> _Task to carry out_: Only the lines from the one with "خرید عسل طبیعی با موم چوبی" through the last line of the data below are to be duplicated, exactly and without pictures.

> _The data_:
↓↓↓
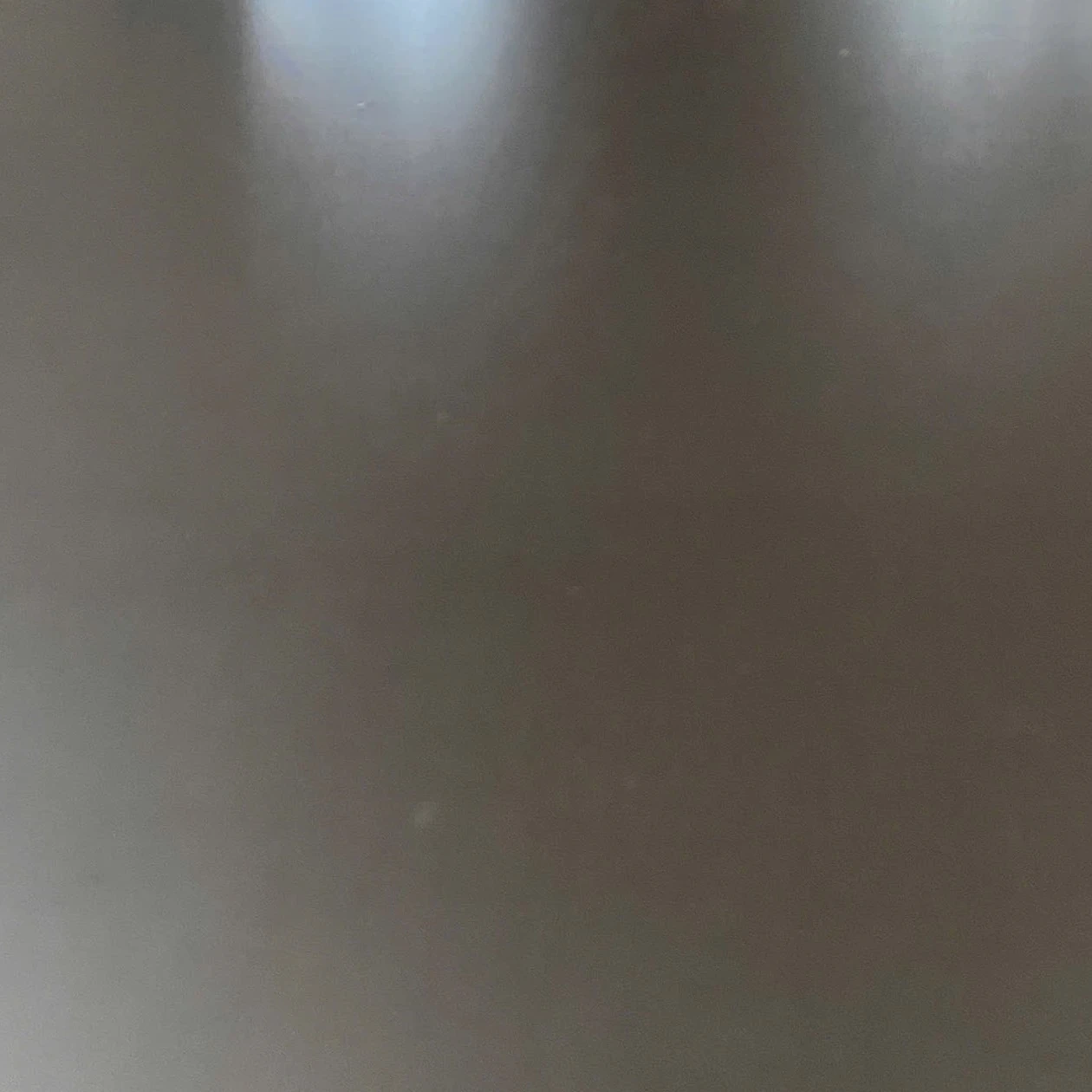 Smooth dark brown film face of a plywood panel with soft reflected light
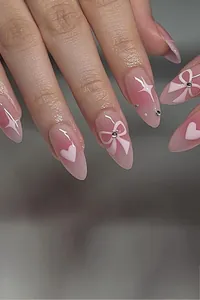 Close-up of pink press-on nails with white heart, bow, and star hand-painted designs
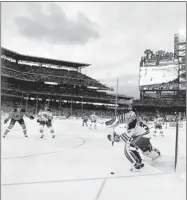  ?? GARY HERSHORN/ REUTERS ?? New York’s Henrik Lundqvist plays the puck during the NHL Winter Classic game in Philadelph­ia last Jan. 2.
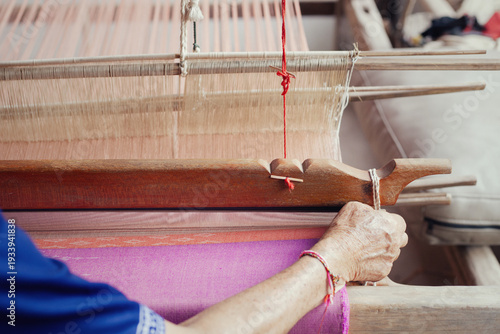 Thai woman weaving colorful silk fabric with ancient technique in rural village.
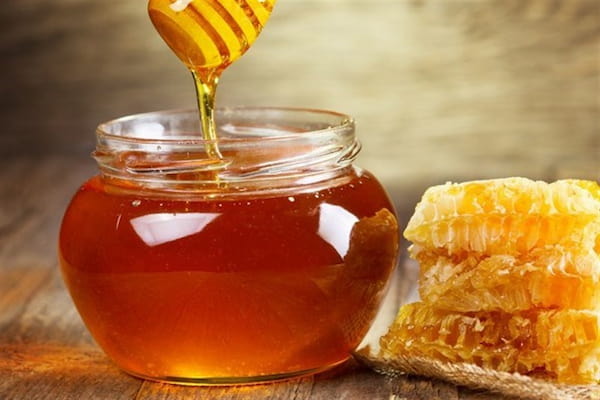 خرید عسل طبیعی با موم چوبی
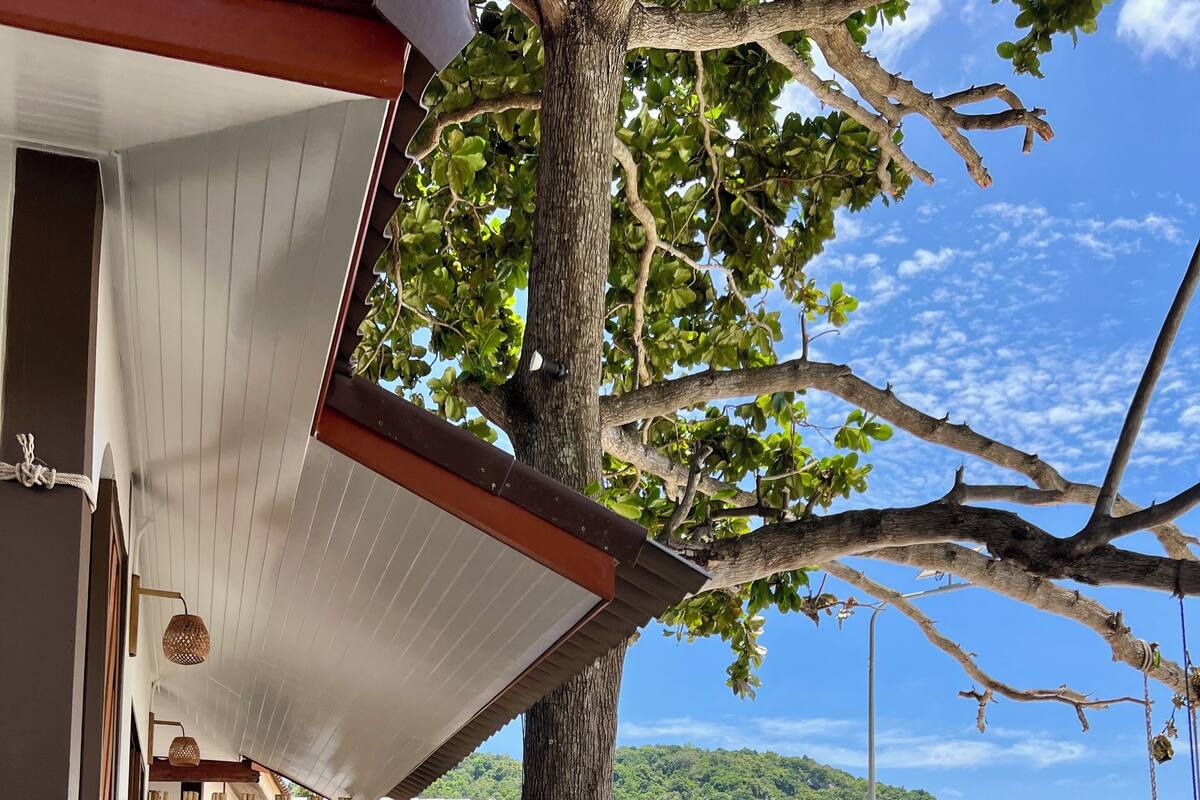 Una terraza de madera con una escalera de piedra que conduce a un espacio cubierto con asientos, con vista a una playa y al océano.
↑↑↑
> _Task response_:
 خرید عسل طبیعی با موم چوبی
 Una terraza de madera con una escalera de piedra que conduce a un espacio cubierto con asientos, con vista a una playa y al océano.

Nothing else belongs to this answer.